Aim of the exercise. Copy down the listing below exactly. Do not include pictures.

Collected material.
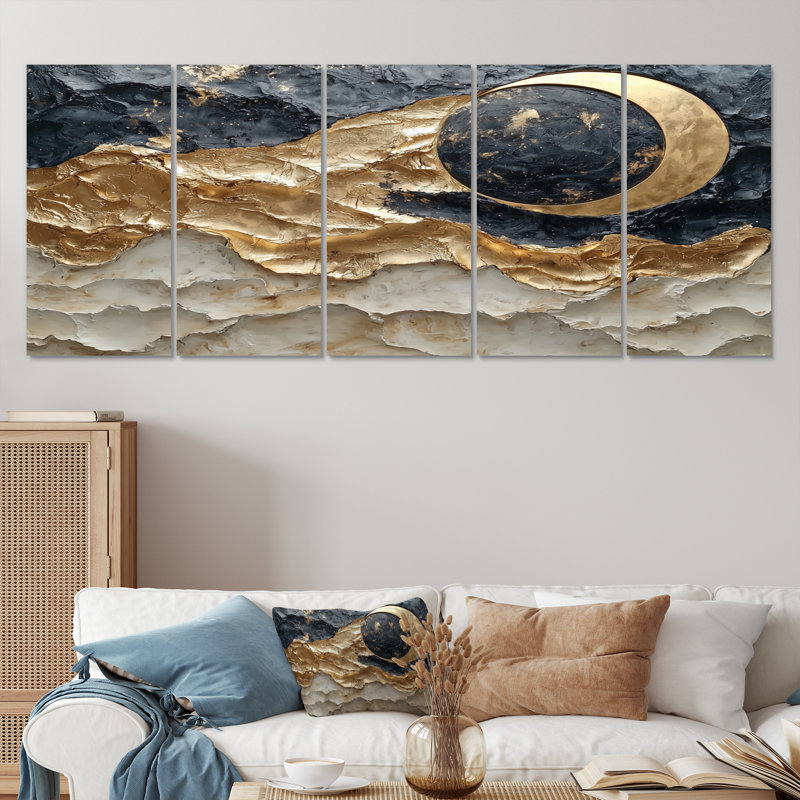 Chevalier - réalisme abstrait - art mural moderne, 5, H 32 po x l 80 po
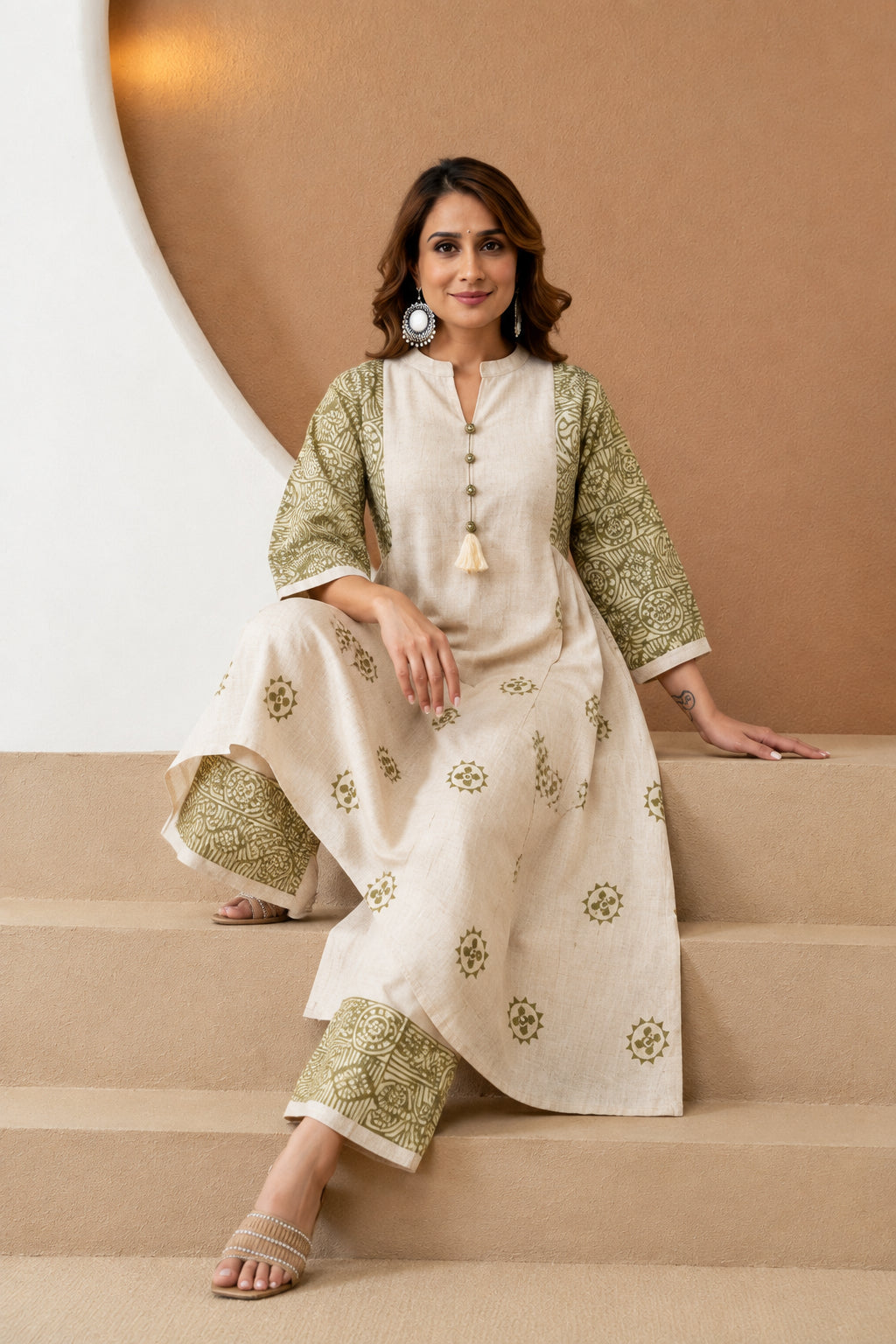 Pista Green Cotton Flex Aline Kurti Pant Set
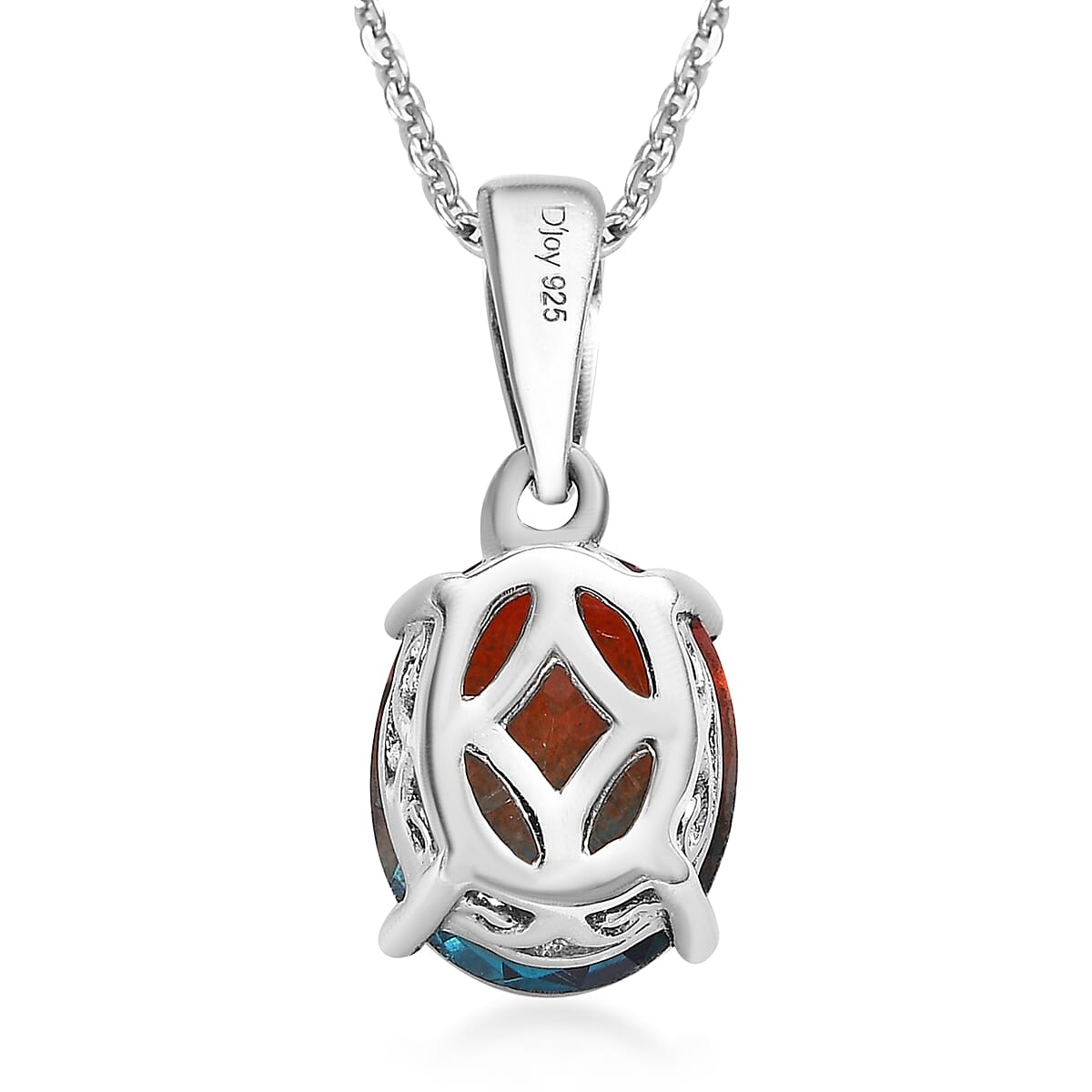 Aqua Terra Costa Quartz (Triplet) Solitaire Pendant Necklace 20 Inches in Platinum Over Sterling Silver 2.75 ctw image number 4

Task response.
 Chevalier - réalisme abstrait - art mural moderne, 5, H 32 po x l 80 po
 Pista Green Cotton Flex Aline Kurti Pant Set
 Aqua Terra Costa Quartz (Triplet) Solitaire Pendant Necklace 20 Inches in Platinum Over Sterling Silver 2.75 ctw image number 4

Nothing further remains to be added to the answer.